Practise clean-slate organisational design: You don’t get clean-slate innovation without organisational design. Saras’ whole function approach to design helped to shatter the dominant logic in the project’s early days and showed the rest of the division that its new organisational structure was as good as or better than the company’s traditional siloed one.
Leverage global resourses: Teams in emerging markets must make full use of multinationals’ extensive assets and continue to interact with legacy units. By recruiting several of Harman’s German engineers to join his team Lawande was able to tap into Harman’s global expertise.
Choose team leaders without conflicting interests: The team should be led by an executive whose highest priority is the project otherwise the project will be poisoned by traditional thinking that aligns with the company’s dominant revenue stream.
Top level actions
The CEO is responsible for supporting project level actions and ensuring that they have a constructive impact on the company, specifically by:
Rebranding the company’s future: Denial and resistance flourish if there is no communication from the CEO so he or she must create a new picture of where the company is going.

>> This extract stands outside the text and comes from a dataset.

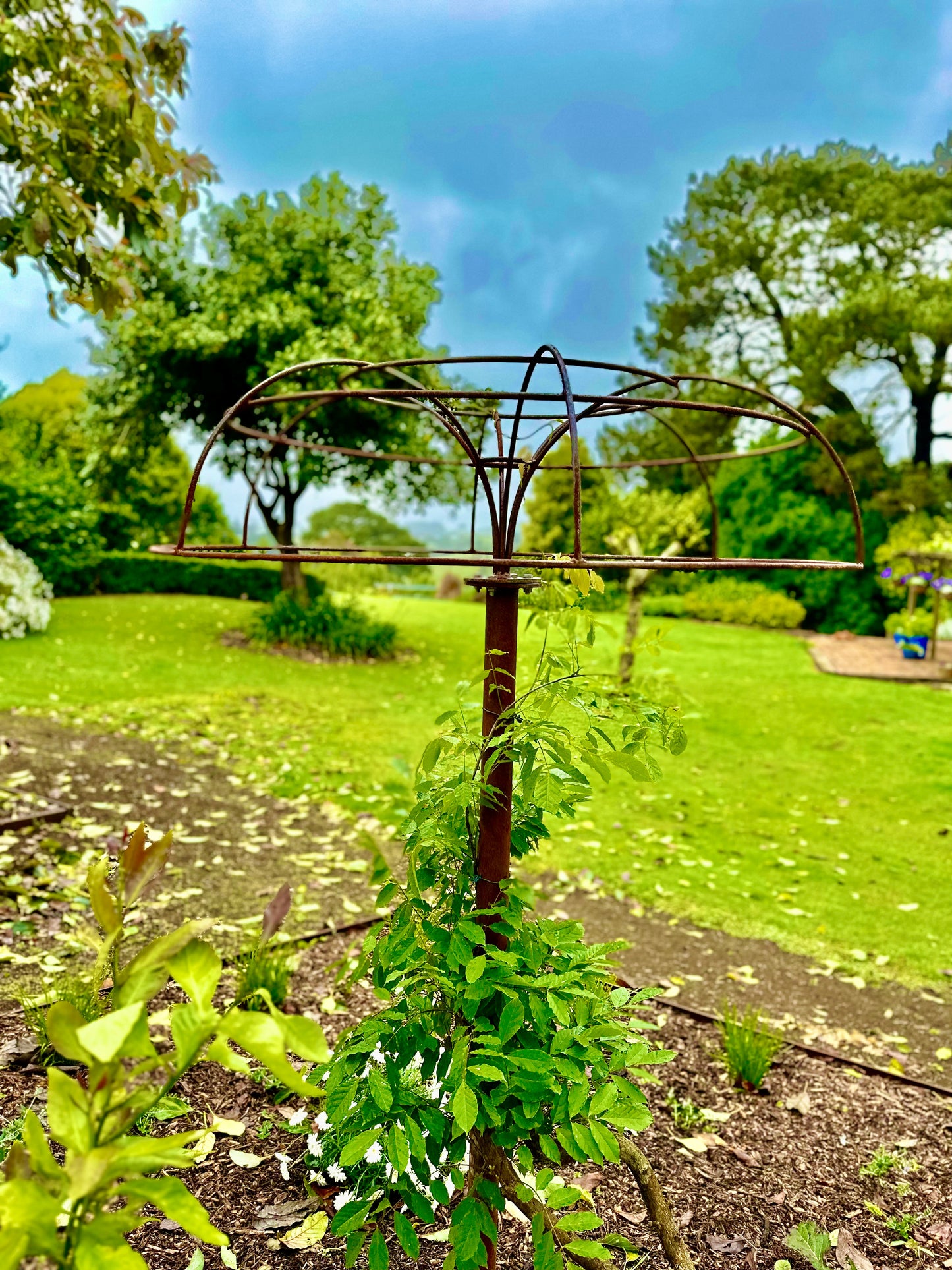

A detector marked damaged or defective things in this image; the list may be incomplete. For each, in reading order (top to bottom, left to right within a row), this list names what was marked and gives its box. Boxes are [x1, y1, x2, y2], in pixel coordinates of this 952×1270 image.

Shifting people and power to emerging markets: You cannot change the dominant logic without changing the people and the hierarchy. Paliwal hired two high profile executives, one from Bosch and one from Philips, and put them into newly created positions overseeing sales, marketing and distribution for India and China.
Increasing R&D spending in emerging markets and focusing it on local needs: Paliwal shifted the engineering function’s centre of gravity from Germany and the US to emerging market, where local carmakers’ needs were apparent every day.
Bulking up on emerging market knowledge and expertise: Shattering the mindset and integrating reverse innovation are often impossible at western multinational companies unless leaders fully understand the huge potential of emerging markets.
CEOs can increase knowledge of emerging markets by including leaders with deep experience in the developing world on boards of directors and top management teams.
Harman assigns managers to two-year stints in emerging markets for personal and professional growth, fostering the sharing of expertise between legacy units and Saras.